▶ Data extract

[Start of Attachment]

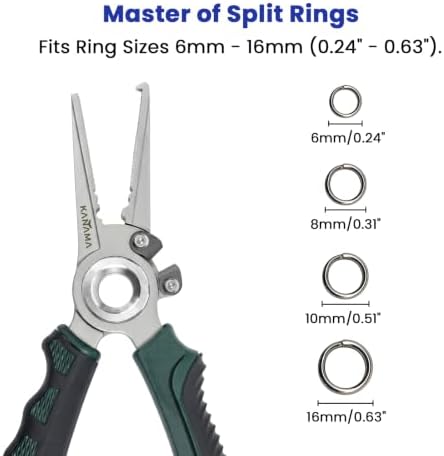 KANAMA 17-4 Stainless Steel Fishing Pliers, 7.5 Inch Rust Saltwater Fishing Pliers with Split Ring, Fish Hook Remover with Tungsten Carbide Braid Cutters, Non-Slip Handles Fishing Gifts for Men - Image 5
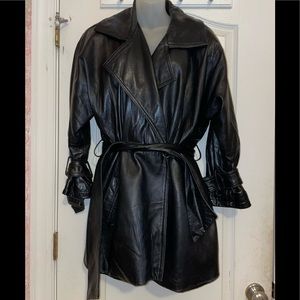 Black leather mid thigh coat my Andrew Marc Size L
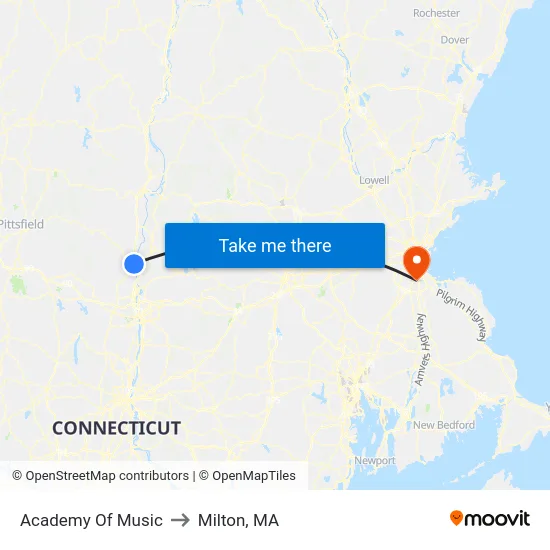 Academy Of Music to Milton, MA map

[End of Attachment]

▶ Work required
Copy out the data verbatim, with no pictures.

▶ Written solution
 KANAMA 17-4 Stainless Steel Fishing Pliers, 7.5 Inch Rust Saltwater Fishing Pliers with Split Ring, Fish Hook Remover with Tungsten Carbide Braid Cutters, Non-Slip Handles Fishing Gifts for Men - Image 5
 Black leather mid thigh coat my Andrew Marc Size L
 Academy Of Music to Milton, MA map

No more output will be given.